---------- RECORDED INFORMATION ----------
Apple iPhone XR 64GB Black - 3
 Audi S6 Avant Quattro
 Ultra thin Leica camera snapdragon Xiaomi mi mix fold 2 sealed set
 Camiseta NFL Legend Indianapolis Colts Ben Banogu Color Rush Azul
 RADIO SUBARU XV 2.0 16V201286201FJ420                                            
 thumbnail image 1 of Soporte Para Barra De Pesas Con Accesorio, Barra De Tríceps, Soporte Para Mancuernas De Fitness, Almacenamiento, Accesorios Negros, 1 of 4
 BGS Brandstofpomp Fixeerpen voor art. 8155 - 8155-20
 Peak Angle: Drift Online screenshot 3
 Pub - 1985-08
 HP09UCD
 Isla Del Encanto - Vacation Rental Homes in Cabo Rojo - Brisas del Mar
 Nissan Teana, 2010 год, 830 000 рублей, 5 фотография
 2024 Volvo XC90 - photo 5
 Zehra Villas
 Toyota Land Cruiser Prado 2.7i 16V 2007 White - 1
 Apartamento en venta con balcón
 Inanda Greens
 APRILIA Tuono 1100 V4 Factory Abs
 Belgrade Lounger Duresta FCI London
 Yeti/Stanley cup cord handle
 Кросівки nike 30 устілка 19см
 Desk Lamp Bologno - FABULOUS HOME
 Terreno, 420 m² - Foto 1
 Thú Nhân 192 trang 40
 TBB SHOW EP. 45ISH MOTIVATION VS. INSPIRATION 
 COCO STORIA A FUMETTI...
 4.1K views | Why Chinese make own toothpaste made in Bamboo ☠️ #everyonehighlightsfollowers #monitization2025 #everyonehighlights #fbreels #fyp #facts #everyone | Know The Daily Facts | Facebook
----------
WHAT YOU SHOULD DO: I'd like the lines above from the one with "2024 Volvo XC90 - photo 5" up to and including the one with "COCO STORIA A FUMETTI..." copied exactly, with no other lines.

OUTPUT OF THE EXERCISE:
 2024 Volvo XC90 - photo 5
 Zehra Villas
 Toyota Land Cruiser Prado 2.7i 16V 2007 White - 1
 Apartamento en venta con balcón
 Inanda Greens
 APRILIA Tuono 1100 V4 Factory Abs
 Belgrade Lounger Duresta FCI London
 Yeti/Stanley cup cord handle
 Кросівки nike 30 устілка 19см
 Desk Lamp Bologno - FABULOUS HOME
 Terreno, 420 m² - Foto 1
 Thú Nhân 192 trang 40
 TBB SHOW EP. 45ISH MOTIVATION VS. INSPIRATION 
 COCO STORIA A FUMETTI...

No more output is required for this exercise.